* Available data
- Opening Delimiter -
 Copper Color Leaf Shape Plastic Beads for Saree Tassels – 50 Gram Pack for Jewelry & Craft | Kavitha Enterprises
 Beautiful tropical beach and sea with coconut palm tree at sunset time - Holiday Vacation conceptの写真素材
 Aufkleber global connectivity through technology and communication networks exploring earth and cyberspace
- Closing Delimiter -
* What you have to do
Print exactly and only the lines that start at the line with "Beautiful tropical beach" and run through the end of the listing above.

* Exercise solution
 Beautiful tropical beach and sea with coconut palm tree at sunset time - Holiday Vacation conceptの写真素材
 Aufkleber global connectivity through technology and communication networks exploring earth and cyberspace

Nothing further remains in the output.